Document AI Questions Answered: 40 Things Businesses Ask 2026
Your company has thousands of documents-contracts, policies, manuals, reports. Finding information should take seconds, not hours. Document AI makes that possible, but before investing, you have questions. Here are honest answers to the 40 most common ones.
Basic Questions
1. What is Document AI?
Document AI is software that uses artificial intelligence to search, understand, and extract information from your business documents. Instead of keyword matching (like traditional search), it understands what you're asking and finds relevant information even if the exact words don't match.
2. What is RAG (Retrieval Augmented Generation)?
RAG is the technology behind modern Document AI. It works in two steps:
1. Retrieval: Finds the most relevant chunks of your documents
2. Generation: Uses AI to synthesize an answer based on those chunks
The AI doesn't make things up-it answers based on your actual documents.
3. How is Document AI different from regular search?
Traditional search (keyword-based):
- Finds documents containing exact words
- Returns list of documents to read manually
- Struggles with synonyms and variations
- Can't answer questions directly
Document AI (semantic search):
- Understands meaning, not just keywords
- Provides direct answers with sources
- Handles variations and synonyms
- Synthesizes information across documents
4. What problems does Document AI solve?
Common use cases:
- Finding information in contracts (terms, clauses, dates)

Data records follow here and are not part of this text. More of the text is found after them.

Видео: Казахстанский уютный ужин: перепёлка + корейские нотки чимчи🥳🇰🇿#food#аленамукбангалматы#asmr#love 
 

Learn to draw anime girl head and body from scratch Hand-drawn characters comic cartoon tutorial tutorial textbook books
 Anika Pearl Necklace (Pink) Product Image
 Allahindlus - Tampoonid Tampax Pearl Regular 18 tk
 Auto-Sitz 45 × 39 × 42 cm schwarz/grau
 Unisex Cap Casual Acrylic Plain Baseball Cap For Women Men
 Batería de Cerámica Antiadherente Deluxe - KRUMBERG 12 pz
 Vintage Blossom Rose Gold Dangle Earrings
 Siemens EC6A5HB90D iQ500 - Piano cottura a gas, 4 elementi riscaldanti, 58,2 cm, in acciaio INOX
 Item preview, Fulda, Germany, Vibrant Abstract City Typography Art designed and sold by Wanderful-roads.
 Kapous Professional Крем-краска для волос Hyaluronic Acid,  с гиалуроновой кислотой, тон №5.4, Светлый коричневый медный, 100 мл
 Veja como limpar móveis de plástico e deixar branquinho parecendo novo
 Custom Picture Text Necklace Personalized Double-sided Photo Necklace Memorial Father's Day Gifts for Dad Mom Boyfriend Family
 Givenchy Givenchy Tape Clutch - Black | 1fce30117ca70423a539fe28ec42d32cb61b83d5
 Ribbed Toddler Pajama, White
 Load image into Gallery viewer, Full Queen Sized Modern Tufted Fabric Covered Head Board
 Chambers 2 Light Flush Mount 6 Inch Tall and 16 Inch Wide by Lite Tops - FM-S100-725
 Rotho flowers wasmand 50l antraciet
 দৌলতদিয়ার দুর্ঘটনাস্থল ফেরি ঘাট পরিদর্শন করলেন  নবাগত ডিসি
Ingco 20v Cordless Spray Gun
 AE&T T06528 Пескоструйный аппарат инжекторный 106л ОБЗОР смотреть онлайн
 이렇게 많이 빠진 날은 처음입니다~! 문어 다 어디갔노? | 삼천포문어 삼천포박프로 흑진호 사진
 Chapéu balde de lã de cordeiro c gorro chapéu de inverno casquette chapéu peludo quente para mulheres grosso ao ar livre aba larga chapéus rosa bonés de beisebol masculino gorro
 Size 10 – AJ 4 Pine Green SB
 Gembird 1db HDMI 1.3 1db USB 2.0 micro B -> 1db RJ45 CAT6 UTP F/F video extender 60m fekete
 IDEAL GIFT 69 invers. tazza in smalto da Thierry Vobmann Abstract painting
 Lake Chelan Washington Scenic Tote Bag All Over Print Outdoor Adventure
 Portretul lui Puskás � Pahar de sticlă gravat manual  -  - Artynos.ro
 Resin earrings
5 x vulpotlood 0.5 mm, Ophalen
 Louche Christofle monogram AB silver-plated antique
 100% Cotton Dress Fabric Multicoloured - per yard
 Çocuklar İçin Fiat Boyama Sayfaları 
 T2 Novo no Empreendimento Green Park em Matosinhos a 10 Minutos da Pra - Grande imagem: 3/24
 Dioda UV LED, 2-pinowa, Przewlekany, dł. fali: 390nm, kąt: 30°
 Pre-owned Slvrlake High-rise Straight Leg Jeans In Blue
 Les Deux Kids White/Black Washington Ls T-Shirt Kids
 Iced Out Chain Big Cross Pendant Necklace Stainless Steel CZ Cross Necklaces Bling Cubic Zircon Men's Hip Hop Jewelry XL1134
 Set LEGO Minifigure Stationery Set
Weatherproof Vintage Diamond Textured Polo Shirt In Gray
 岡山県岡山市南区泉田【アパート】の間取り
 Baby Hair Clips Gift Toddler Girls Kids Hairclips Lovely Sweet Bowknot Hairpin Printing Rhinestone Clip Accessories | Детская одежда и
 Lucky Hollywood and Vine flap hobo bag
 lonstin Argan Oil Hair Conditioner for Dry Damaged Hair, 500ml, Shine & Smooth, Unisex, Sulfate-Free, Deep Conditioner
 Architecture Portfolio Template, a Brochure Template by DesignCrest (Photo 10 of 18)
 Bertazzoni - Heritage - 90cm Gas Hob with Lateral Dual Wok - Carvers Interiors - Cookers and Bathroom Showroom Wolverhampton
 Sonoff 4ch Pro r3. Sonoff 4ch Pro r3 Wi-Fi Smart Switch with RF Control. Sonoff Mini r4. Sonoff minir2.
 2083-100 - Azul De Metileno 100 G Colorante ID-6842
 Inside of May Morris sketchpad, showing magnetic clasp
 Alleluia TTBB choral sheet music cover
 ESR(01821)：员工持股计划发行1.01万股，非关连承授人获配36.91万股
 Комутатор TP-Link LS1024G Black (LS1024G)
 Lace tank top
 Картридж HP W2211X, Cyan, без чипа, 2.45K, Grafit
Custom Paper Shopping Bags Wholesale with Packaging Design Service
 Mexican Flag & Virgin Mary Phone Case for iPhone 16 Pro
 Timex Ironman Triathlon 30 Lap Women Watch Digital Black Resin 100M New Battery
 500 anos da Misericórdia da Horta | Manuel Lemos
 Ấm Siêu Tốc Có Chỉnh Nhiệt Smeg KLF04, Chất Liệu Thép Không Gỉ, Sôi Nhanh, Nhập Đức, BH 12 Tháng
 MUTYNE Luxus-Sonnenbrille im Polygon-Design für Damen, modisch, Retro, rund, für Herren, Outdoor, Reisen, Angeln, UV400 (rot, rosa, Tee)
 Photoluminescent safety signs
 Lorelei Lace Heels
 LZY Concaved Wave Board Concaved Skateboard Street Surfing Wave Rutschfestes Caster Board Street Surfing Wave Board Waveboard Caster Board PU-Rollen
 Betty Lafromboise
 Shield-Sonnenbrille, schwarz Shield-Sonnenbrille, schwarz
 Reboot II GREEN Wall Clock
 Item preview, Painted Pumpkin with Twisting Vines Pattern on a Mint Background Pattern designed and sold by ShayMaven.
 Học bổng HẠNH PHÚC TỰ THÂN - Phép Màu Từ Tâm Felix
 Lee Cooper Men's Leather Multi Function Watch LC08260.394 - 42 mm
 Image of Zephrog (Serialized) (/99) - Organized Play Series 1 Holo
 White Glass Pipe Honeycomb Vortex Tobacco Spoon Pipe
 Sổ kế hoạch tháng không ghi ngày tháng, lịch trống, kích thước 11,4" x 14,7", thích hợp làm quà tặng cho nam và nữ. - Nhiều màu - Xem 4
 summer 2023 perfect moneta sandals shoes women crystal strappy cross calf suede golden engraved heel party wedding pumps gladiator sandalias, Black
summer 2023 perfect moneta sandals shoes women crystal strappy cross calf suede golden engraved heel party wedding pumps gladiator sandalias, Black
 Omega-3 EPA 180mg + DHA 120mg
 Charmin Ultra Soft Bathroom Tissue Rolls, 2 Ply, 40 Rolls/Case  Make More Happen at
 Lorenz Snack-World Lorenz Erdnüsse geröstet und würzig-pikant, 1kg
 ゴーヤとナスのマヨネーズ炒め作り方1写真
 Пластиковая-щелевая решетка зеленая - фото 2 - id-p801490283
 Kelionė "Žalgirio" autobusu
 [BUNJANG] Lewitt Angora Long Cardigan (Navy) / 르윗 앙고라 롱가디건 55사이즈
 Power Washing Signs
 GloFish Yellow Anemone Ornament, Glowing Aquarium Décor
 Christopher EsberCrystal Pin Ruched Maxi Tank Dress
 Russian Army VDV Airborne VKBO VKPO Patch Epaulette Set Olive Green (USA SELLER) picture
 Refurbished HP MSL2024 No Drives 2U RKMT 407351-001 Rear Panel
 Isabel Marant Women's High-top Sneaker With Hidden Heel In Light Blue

- Answering employee questions from HR policies
- Searching technical documentation
- Compliance and audit queries
- Legal research and precedent search
- Customer support from product manuals
5. What types of documents can it process?
Commonly supported:
- PDF (text and scanned)
- Word documents (.doc, .docx)
- Excel spreadsheets
- PowerPoint presentations
- Plain text files
- HTML/web pages
- Images with text (OCR)
- Emails
6. Can it read scanned documents?
Yes, using OCR (Optical Character Recognition). Quality depends on:
- Scan quality (higher is better)
- Document condition (faded text is harder)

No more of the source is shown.